Internal control
We usually think of internal control in terms of financial risks, such as credit risk and fraud. But as social businesses, MFIs also need to have checks and balances in place to make sure they keep to their stated social objectives, and comply with their formal policies, procedures and systems.
This section covers a number of key questions on internal control, including:
- Why is it important to integrate SPM into internal control?
- How much will it cost?
- How can you train your team?
- How can you align your policies to ensure compliance?
- What can you do to check the quality of your information?
- How should you conduct an internal social audit?
- What is the role of external audits and ratings?
- What key lessons should you bear in mind?
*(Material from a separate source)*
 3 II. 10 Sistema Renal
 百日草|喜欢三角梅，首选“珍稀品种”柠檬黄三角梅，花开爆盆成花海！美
You can also read in detail about the experience of AMK (Cambodia), and how it has successfully embedded SPM into its internal control function.
What do we mean by ‘internal control’?
People often confuse internal control with internal audit – but audit is just one element of internal control, which is, in turn, a part of overall risk management. By internal control, we mean all the methods, policies and procedures used to ensure that things happen the way they should. Internal audit, on the other hand, is an assessment. It’s the final check that the internal control system is working properly. An internal audit should be carried out regularly as a way of ‘self-assessing’ your organisation’s performance. The results will tell you what needs to be changed (policies and procedures), should the audit reveals that things aren’t working as they should.